The technology uses metasurface, which is studded with 1.6 million cylindrical posts and can be produced much like a computer chip and could find a role looking for problems in the human body and enable sensing for super-small robots.
The new system can produce crisp, full-colour images on par with a conventional compound camera lens 500,000 times larger in volume.
According to Nature Communications the tech involves a joint design of the camera’s hardware and computational processing, the system could enable minimally invasive endoscopy with medical robots to diagnose and treat diseases, and improve imaging for other robots with size and weight constraints.
Thousands of such cameras could be used for full-scene sensing, turning surfaces into cameras.
The metasurface replaces lenses and can be produced like a computer chip.
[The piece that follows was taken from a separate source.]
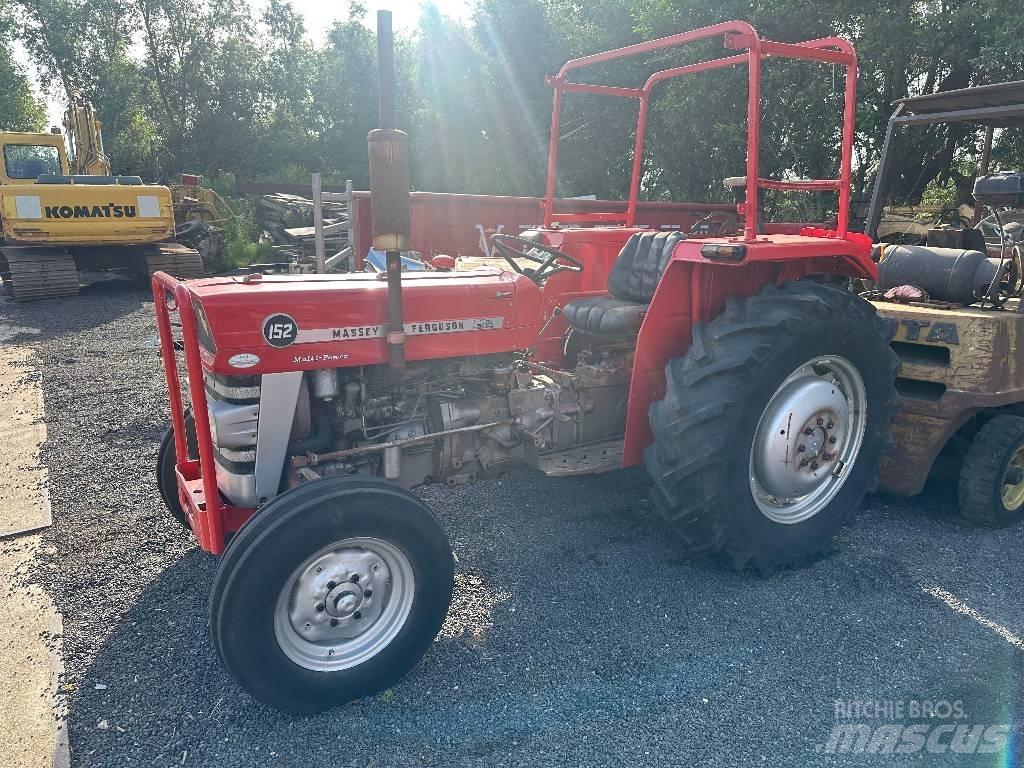 Massey Ferguson 152 Traktory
Just half a millimetre wide, the metasurface is studded with 1.6 million cylindrical posts. To give a sense of scale, each post is the size of the human immunodeficiency virus (HIV).
Project senior boffin Felix Heide said a key innovation in the camera’s creation was the integrated design of the optical surface and the signal processing algorithms that produce the image. This boosted the camera’s performance in natural light conditions, in contrast to previous metasurface cameras that required the pure laser light of a laboratory or other ideal conditions to produce high-quality images.
The researchers compared images produced with their system to the results of previous metasurface cameras, as well as images captured by a conventional compound optic that uses a series of six refractive lenses. Aside from blurring at the edges of the frame, the nano-sized camera’s images were comparable to those of the traditional lens setup, which is more than 500,000 times larger in volume.